Hologic Inc. - currently trading at $16.73 - offers a rare opportunity to acquire a market-leading healthcare technology business with a large recurring revenue base, reliable FCF generation, a strong and improving balance sheet and a portfolio of existing products with considerable growth potential in nascent and unpenetrated markets, all at a very reasonable price with a very attractive risk / reward profile.

Shares are inexpensive both on an absolute and relative basis.  We expect shares to nearly double in the next 2 years to $30.00 driven by mid-single digit top line growth, modest gross and operating margin expansion, and a peer multiple on our $1.53 EPS estimate - equivalent to a 8% FCF yield.  In the near term we think fair value is in the low 20's; however, recent uncertainty surrounding its volume-dependent diagnostic Cytyic (ThinPrep & NovaSure ... described below) businesses and new market-building related investments could be a temporary drag on the stock as near-sighted analysts react to the headline (which we would view as an opportunity to buy more shares). 

Longer term we expect the diagnostic business to stabilize and anticipate the breast and surgical businesses to experience low double digit growth.  We expect strong cashflows to continue financing 'tuck-in' acquisitions and the deleveraging of the balance sheet (net cash position in 2012) - which will drive shares higher.

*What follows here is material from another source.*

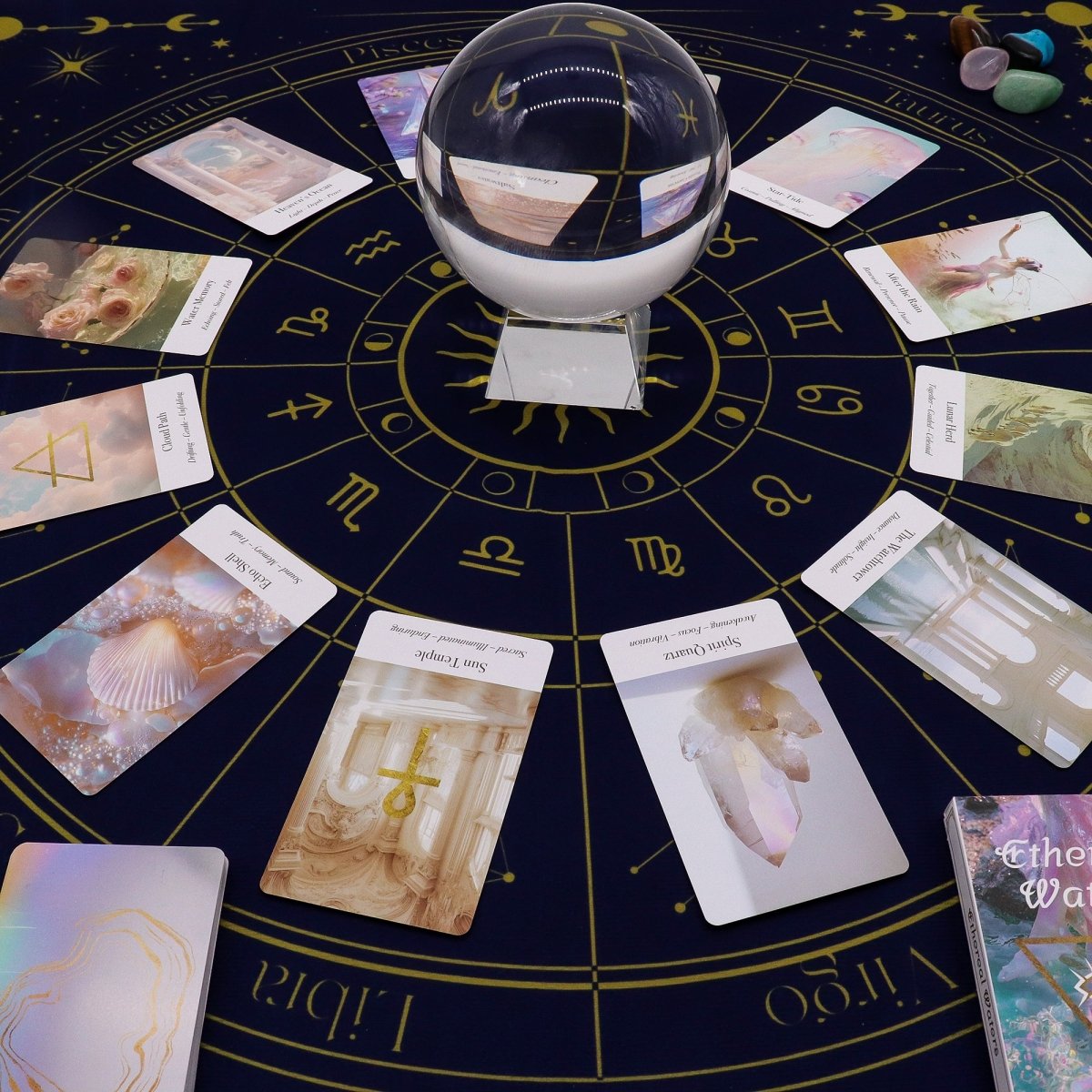 Tapete para lectura del Tarot - Zodiaco - Mystical Tienda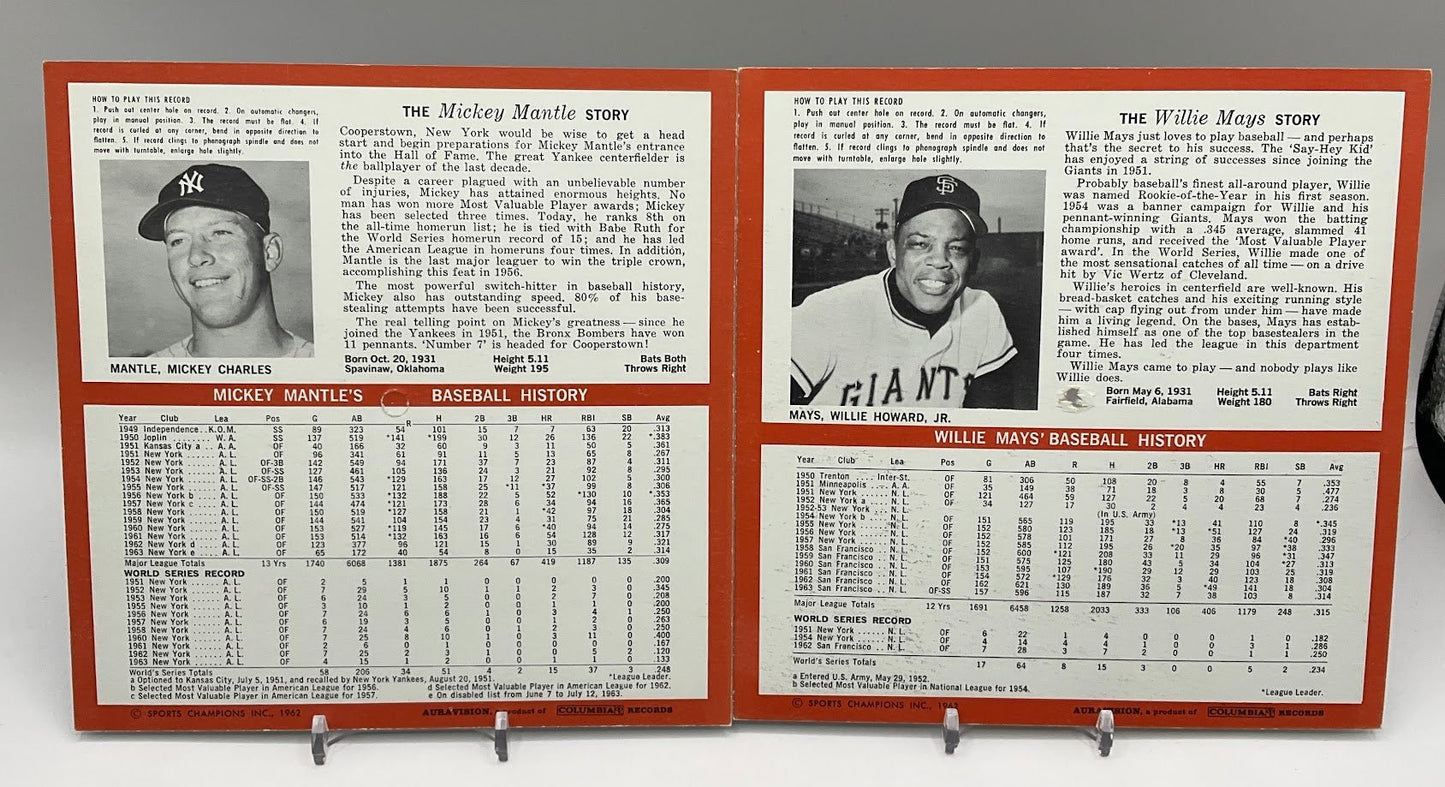 Auravision 1964 Baseball Records Set - Collector Store LLC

A visible catalyst for the stock is the imminent approval by the FDA of Hologic's next-generation breast imaging machine, Tomosynthesis, which recently had an extremely positive panel review in September.  This will be a hugely important product for HOLX as it likely will renew high-margin growth in the Breast Health division as hospitals and doctor offices continue the upgrade and replacement cycle which is still in its early stages.

 

Business and Segment Overview

Hologic Inc. is a leading developer, manufacturer and supplier of premium diagnostics, medical imaging systems and surgical products dedicated to serving the healthcare needs of women.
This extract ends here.